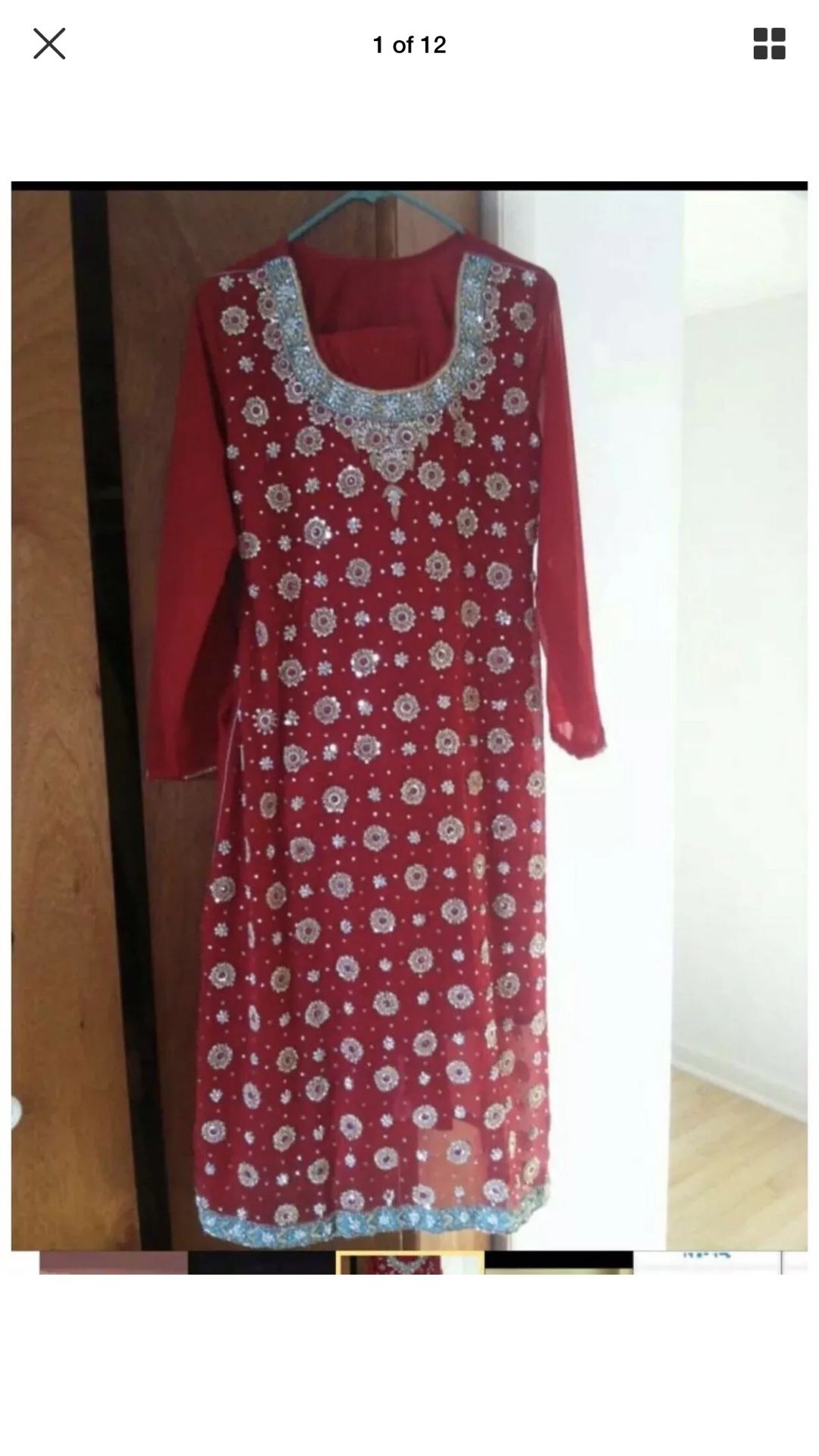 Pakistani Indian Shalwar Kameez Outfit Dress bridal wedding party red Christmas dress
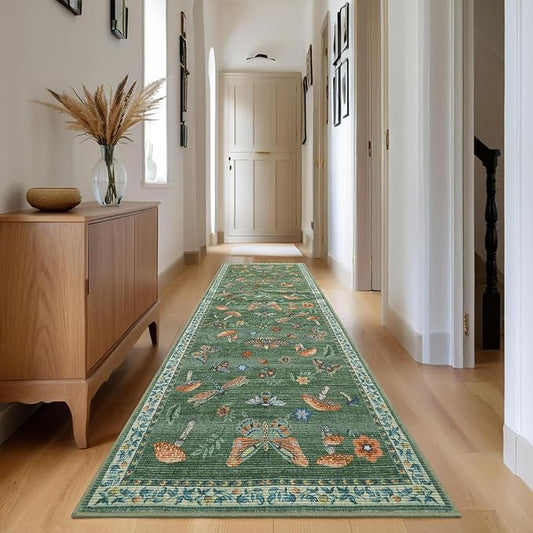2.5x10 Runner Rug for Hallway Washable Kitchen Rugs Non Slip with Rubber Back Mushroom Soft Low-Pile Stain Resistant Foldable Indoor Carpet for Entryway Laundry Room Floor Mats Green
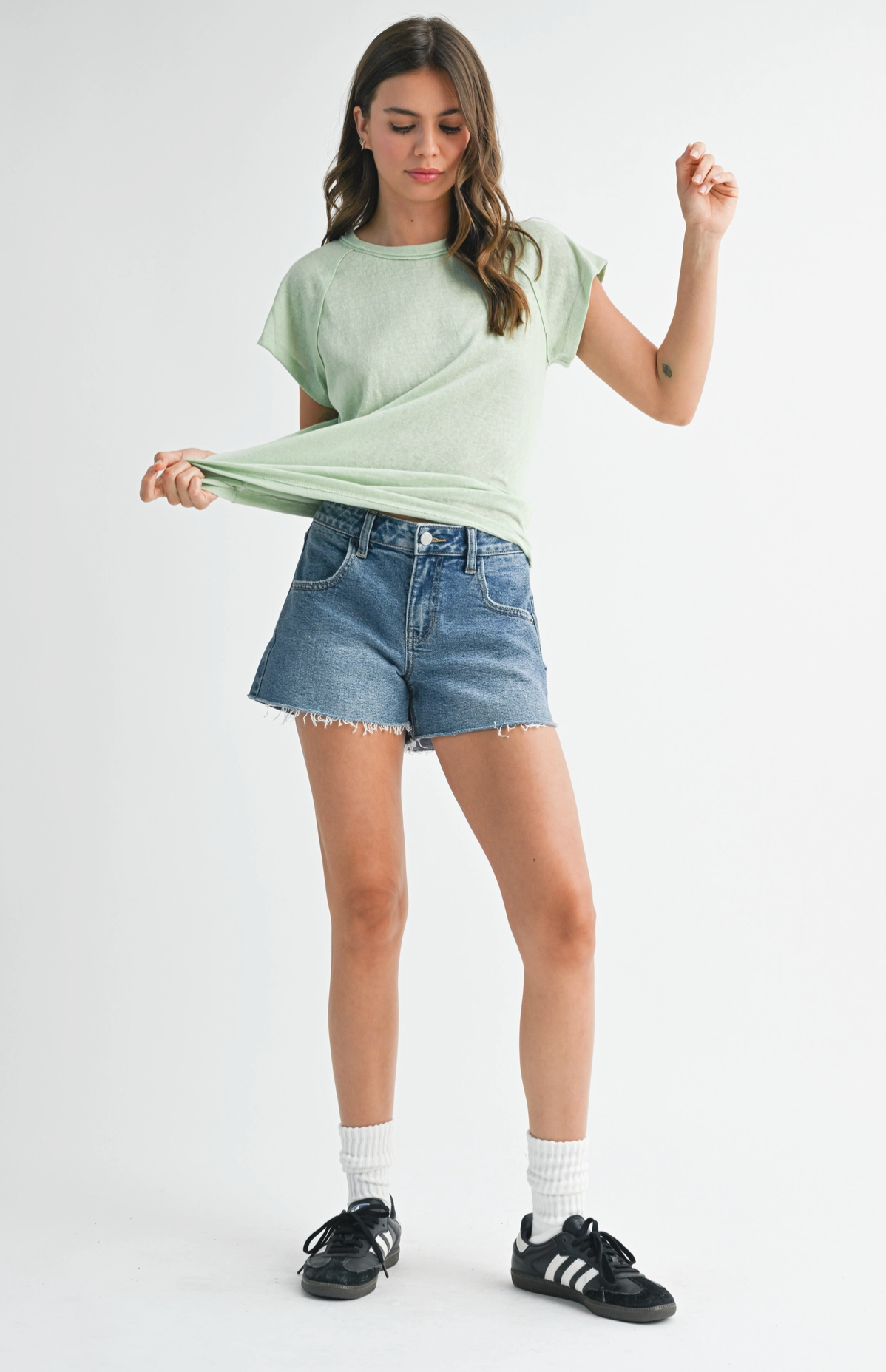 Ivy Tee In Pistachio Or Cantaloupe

━━━━━━━━

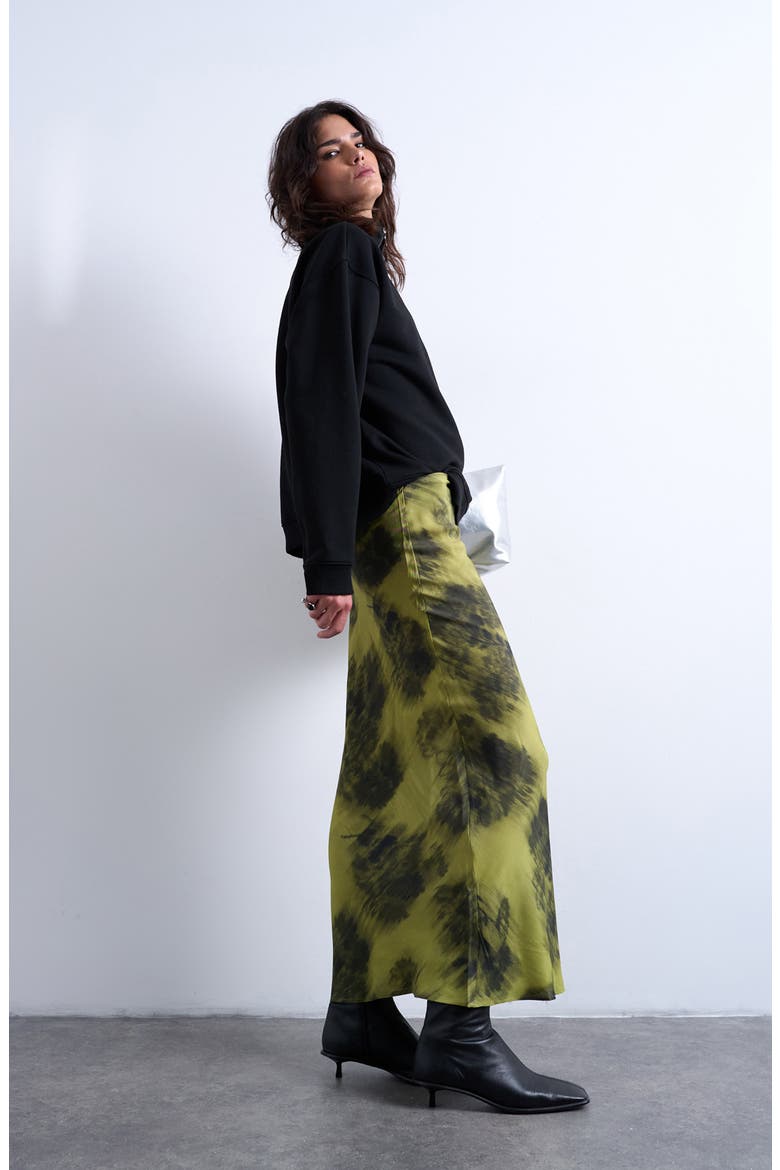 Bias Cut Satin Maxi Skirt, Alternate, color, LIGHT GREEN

━━━━━━━━

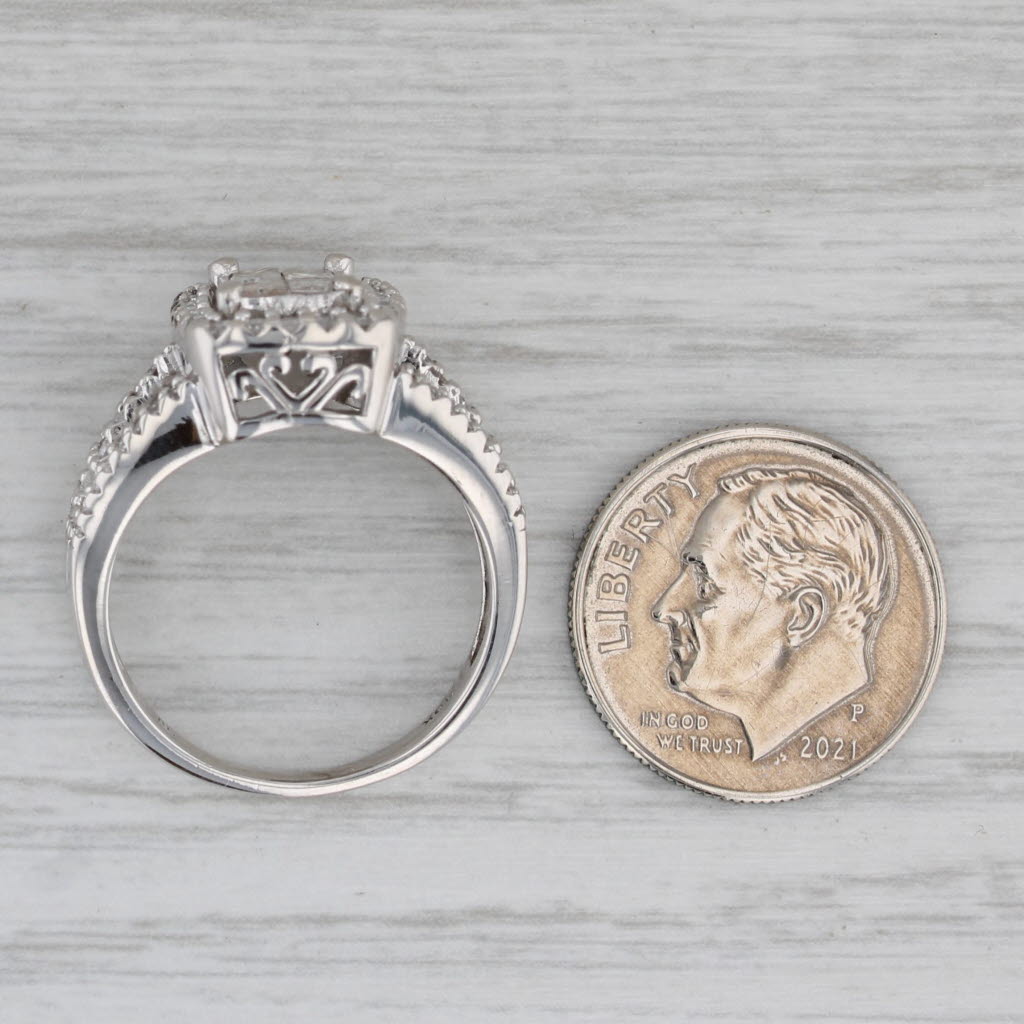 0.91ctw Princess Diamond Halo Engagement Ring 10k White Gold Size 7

━━━━━━━━

Both boundary lines included, write out word for word only the lines above from the one containing "2.5x10 Runner Rug" to the one containing "Ivy Tee In Pistachio Or Cantaloupe", leaving out any pictures.

§ Task result
2.5x10 Runner Rug for Hallway Washable Kitchen Rugs Non Slip with Rubber Back Mushroom Soft Low-Pile Stain Resistant Foldable Indoor Carpet for Entryway Laundry Room Floor Mats Green
 Ivy Tee In Pistachio Or Cantaloupe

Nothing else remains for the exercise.